I currently cannot create a NAS. My goal is to have two large external hard drives with data mirrored between them, that I can access through a normal computer running Ubuntu. I would like the data to be encrypted and compressed. I’ve heard that ZFS is the way to go, but am fine with BTRFS if that is better for the situation. I would like to be able to then scan for and fix errors with the drives. I’m a complete Linux noob, so if someone could point me to a tutorial (or tutorials) that would be great (including how to add/delete a file from one and have it automatically apply to the other if possible).
What is your plan? Leave this Ubuntu box 24/7? Do you plan to unplug the drives often? As for ZFS on USB, I would advise against it. Just not on USB. You are at your own risk if you do that, ZFS really complains if it cannot find drives or pools during bootup (if you don’t export them properly). And the order they are detected also matters (which is why WWN is preferable in any setup, rather than using the OS assigned names).
You can enable zstd compression on btrfs. Given that btrfs is integrated with the kernel better, I suspect it will have a better time interacting with the USB drives, just like a normal ext4 formatted USB drive. But encryption is not a feature in btrfs, you’d have to use LUKS.
The setup smells fishy. Please give us more details on how you plan on running it.
A mirror does that automatically. If you plan on having data on a drive and a backup on the other, that is something else. Also, RAID is not a backup.
I believe I’ve done sort of what you suggest to do. I would not really recommend it as it is generally warned against, and I generally agree with @ThatGuyB s points.
But I’ll tell you what I did:
I had two USB-connected external HDDs that I added to a ZFS mirror. Then I backed up filesystems from another zpool via zfs send ... | zfs receive ... , exported the externally connected zpool, and stored the two HDDs away from the computer.
When I felt it was time to update the backups, I attached the drives, imported the external zpool, and sent incremental backups to it. Then I exported it again. It has survived through several such cycles, however I did not connect it very frequently. And it was never my only backup for irreplacable data.
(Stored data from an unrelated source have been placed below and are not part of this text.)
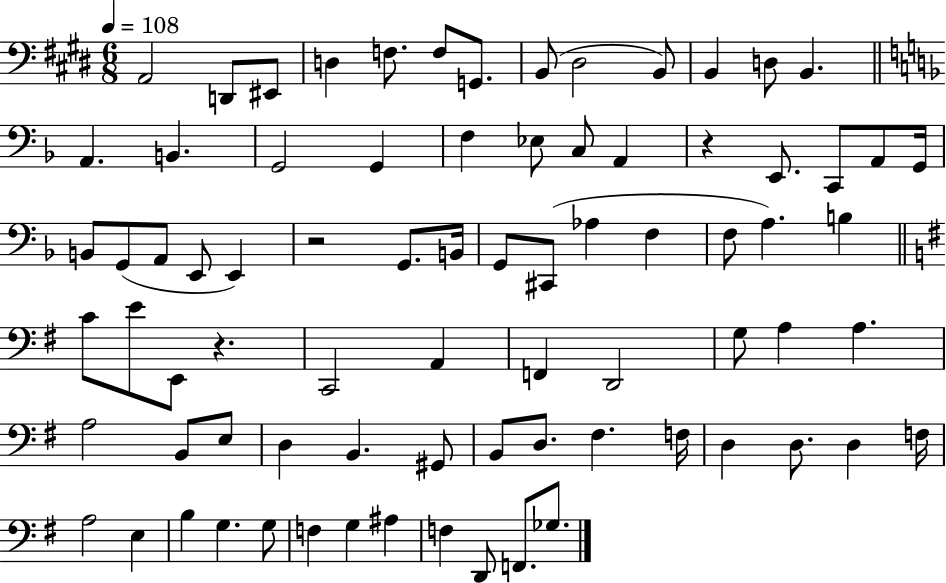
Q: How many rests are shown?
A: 3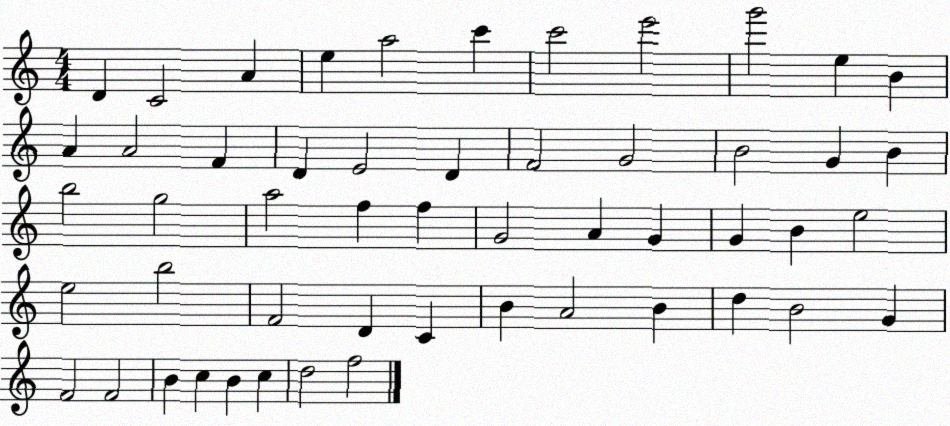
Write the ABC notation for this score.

X:1
T:Untitled
M:4/4
L:1/4
K:C
D C2 A e a2 c' c'2 e'2 g'2 e B A A2 F D E2 D F2 G2 B2 G B b2 g2 a2 f f G2 A G G B e2 e2 b2 F2 D C B A2 B d B2 G F2 F2 B c B c d2 f2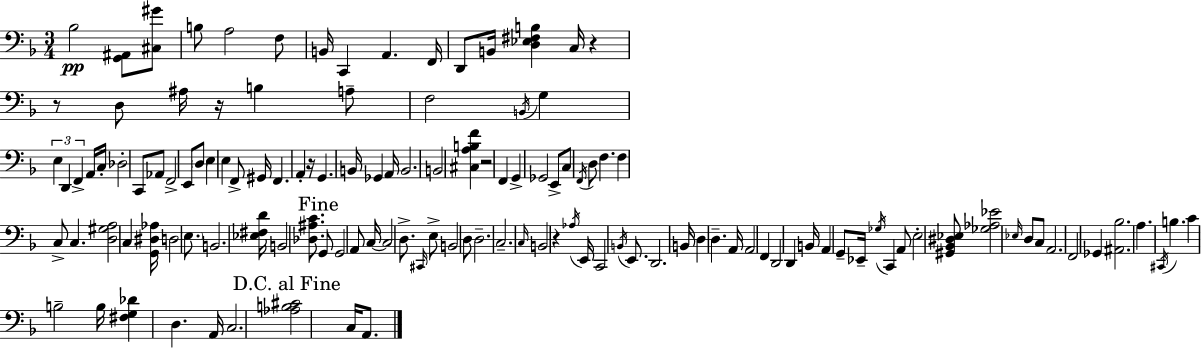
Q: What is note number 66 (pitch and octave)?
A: B2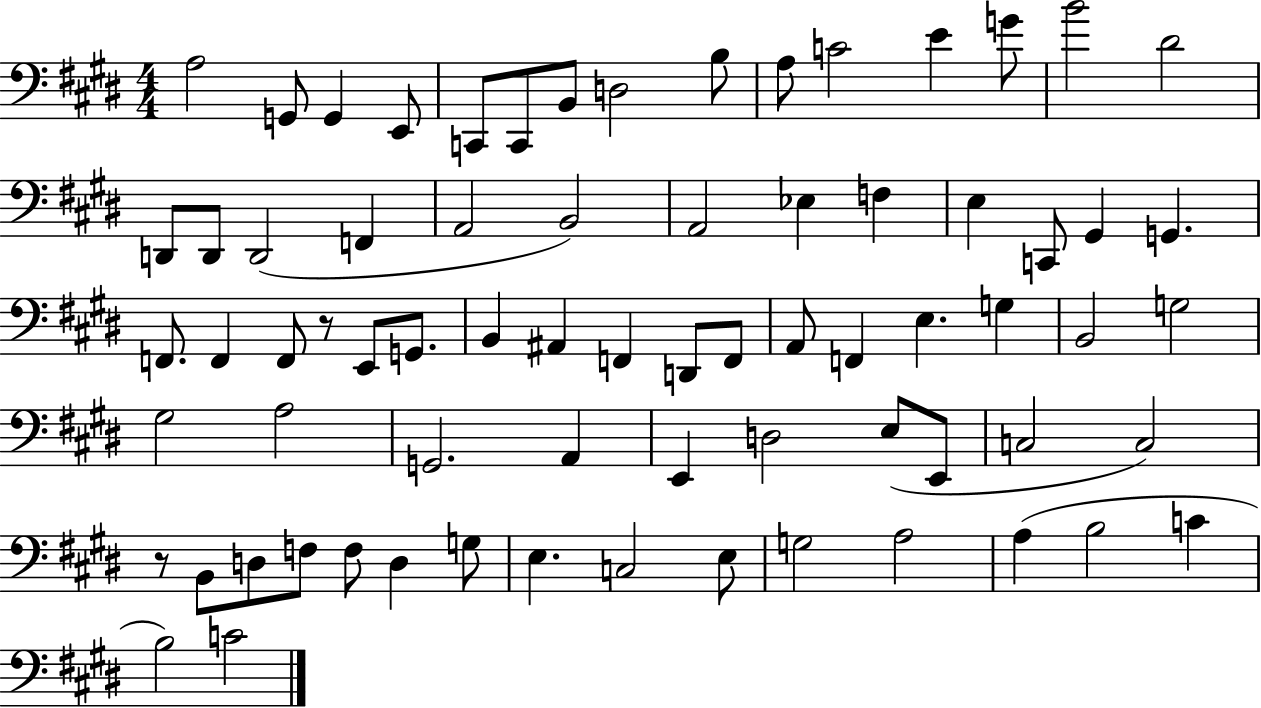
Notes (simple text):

A3/h G2/e G2/q E2/e C2/e C2/e B2/e D3/h B3/e A3/e C4/h E4/q G4/e B4/h D#4/h D2/e D2/e D2/h F2/q A2/h B2/h A2/h Eb3/q F3/q E3/q C2/e G#2/q G2/q. F2/e. F2/q F2/e R/e E2/e G2/e. B2/q A#2/q F2/q D2/e F2/e A2/e F2/q E3/q. G3/q B2/h G3/h G#3/h A3/h G2/h. A2/q E2/q D3/h E3/e E2/e C3/h C3/h R/e B2/e D3/e F3/e F3/e D3/q G3/e E3/q. C3/h E3/e G3/h A3/h A3/q B3/h C4/q B3/h C4/h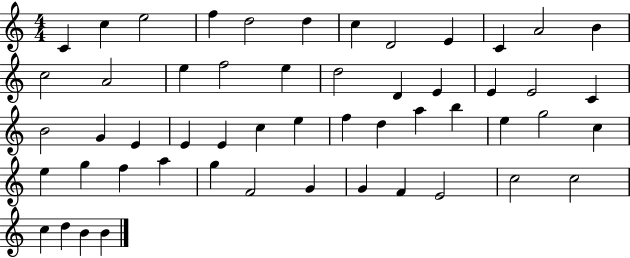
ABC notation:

X:1
T:Untitled
M:4/4
L:1/4
K:C
C c e2 f d2 d c D2 E C A2 B c2 A2 e f2 e d2 D E E E2 C B2 G E E E c e f d a b e g2 c e g f a g F2 G G F E2 c2 c2 c d B B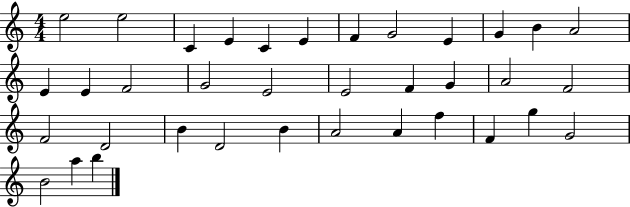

One thing to consider is that ZFS is bad at communicating over USB. I don’t know the exact mechanisms behind the caveats, but it is generally recommended against. The other is that most external drives are SMR drives, which also don’t work as well with ZFS (though I’m not sure if this is really a problem if it only receives full datasets).
Again, my story is not really valid as a success story as I generally have no estimate on the risks I took at every time I connected the drives… but at least you have my experience there.
It’s a windows laptop I’ll run Linux on some of the time off a usb. The drives I’ll plug in maybe a couple times a week (by usb). If this is a major problem, I’m working on clearing out an old ssd in a usb enclosure so I could use that, though I personally don’t care if the Linux drive fails, so long as it isn’t a major problem for the drives. Also willing to switch the distro if need be, but would rather not since I’ve been getting used to it, and I don’t think that impacts things. The system is intended to run yt-dlp and other archive programs, and store that data on the drives. It would also be nice to be able to run linux with none of the external drives some of the times, and to a lesser extent it would be nice to be able to plug in only one at a time to save some stuff and then plug the 2nd drive in later to mirror the stuff over later in the week, though the 2nd is a much lower priority, and I’m willing to live without the 1st.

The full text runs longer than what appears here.